Priests must be men of joy, pope says at Mass

Pope Francis greets the crowd during his general audience in Paul VI hall at the Vatican Jan. 30. (CNS/Reuters/Philimon Bulawayo)

A priest must be able to see the people around him as his children, as brothers and sisters, and must be willing to risk everything for them out of love, Pope Francis said in his morning homily.

In fact, the best example of this kind of priest is St. John Bosco, the founder of the Salesian order, he said Jan. 31, the saint's feast day.

The 19th-century Italian saint, who saw so much poverty and so many children living on the street, was able to see the world around him with the eyes of "a man who is a brother and also a father and said, 'No, things cannot go on this way!'" so sought to make things better, the pope said in his homily during morning Mass at the Domus Sanctae Marthae.

But, the pope said, this priest also had "the courage to see with the eyes of God and go to God and say, 'Let me see here. This is an injustice. ... You created these people for (a life of) fullness and they are in the midst of a real tragedy.'"

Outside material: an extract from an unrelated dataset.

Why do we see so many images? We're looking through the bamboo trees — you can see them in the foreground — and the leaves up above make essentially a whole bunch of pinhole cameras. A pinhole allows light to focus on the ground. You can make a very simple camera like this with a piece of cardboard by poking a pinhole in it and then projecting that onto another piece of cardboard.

A priest needs to have both ways of seeing things — being moved by tragedy on a purely human level, yet inspired by the divine "to have the courage to go there and fight," the pope said. "A priest is someone who fights with God."

St. John Bosco did not approach the poor and troubled kids "just with the catechism and the crucifix," he said. If he had started with doctrine, telling the kids, "'Do this...' the young people would have said, 'Yeah, right. See you later.'"

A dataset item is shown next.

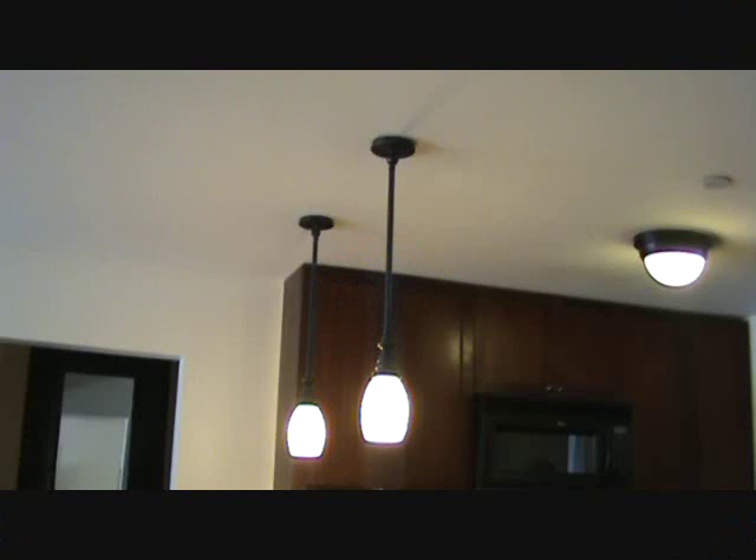I guess I better begin on my project. The first thing I'm going to do is take these light fixtures down. Just remember, if you remove light fixtures, make sure you've got the switch turned off and everything's set to go.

Instead, St. John Bosco approached them with youthful vitality, letting them play, bringing them together as a group, like brothers, listening to them, crying with them, leading them forward and always being down-to-earth, he said.

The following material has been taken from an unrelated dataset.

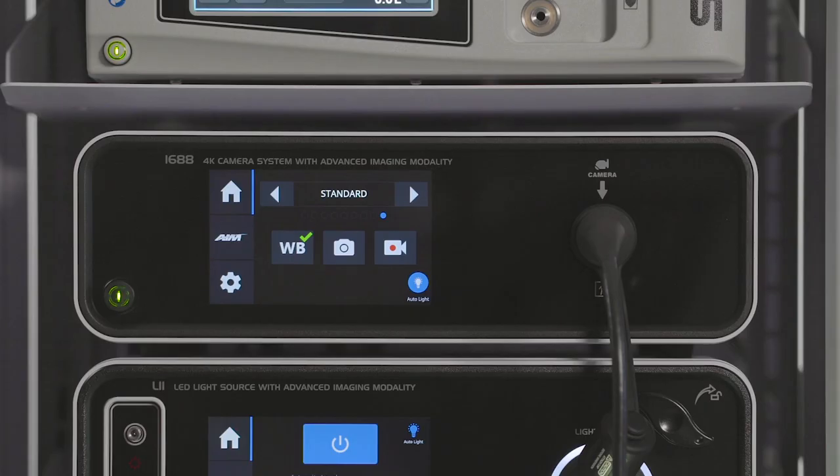Select the camera icon to capture a still image. A single beep will sound to indicate that an image has been sent to the digital capture. Select the record icon to initiate video recording. A double beep will sound to indicate that a video is recording. Press the icon again to stop the recording.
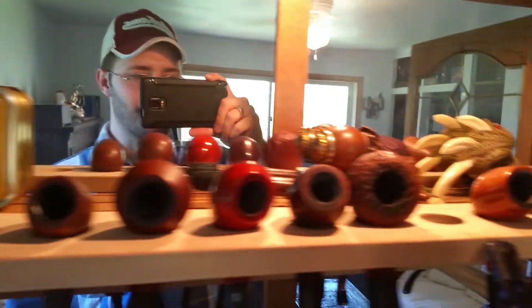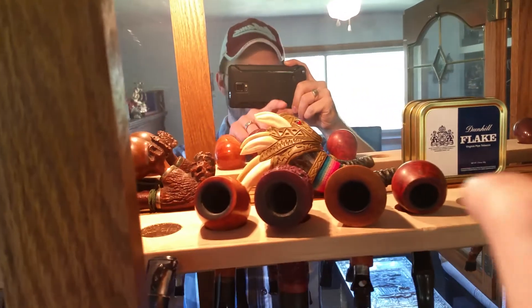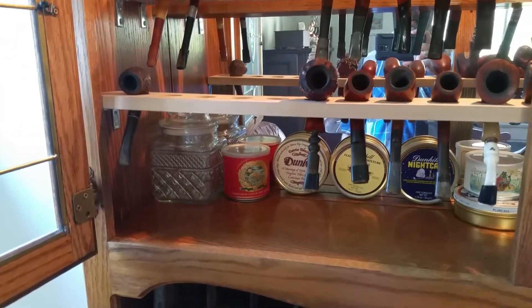Got a couple of empty tins up there, a couple of novelty pipes — look at that mean-looking thing. More empty tins down there, a couple of empty jars I've got to fill with some tobacco.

But there is always the risk a priest may only see things from a human point of view and "nothing divine" or, the alternative "too divine and nothing human," he said.

"But if we don't take a risk we will do nothing in life," he added. Those risks include being persecuted, gossiped about, criticized, for example, that "this priest is there on the street" with ill-mannered kids who "break the glass of my window" with their soccer ball.

St. John Bosco received from God the great heart "of a father and a teacher," said Francis, who briefly attended a Salesian school in Argentina.

The sign of a good priest, who knows how to see things with the eyes of God and a human being, is joy, and St. John Bosco was a great "master of joy," he said.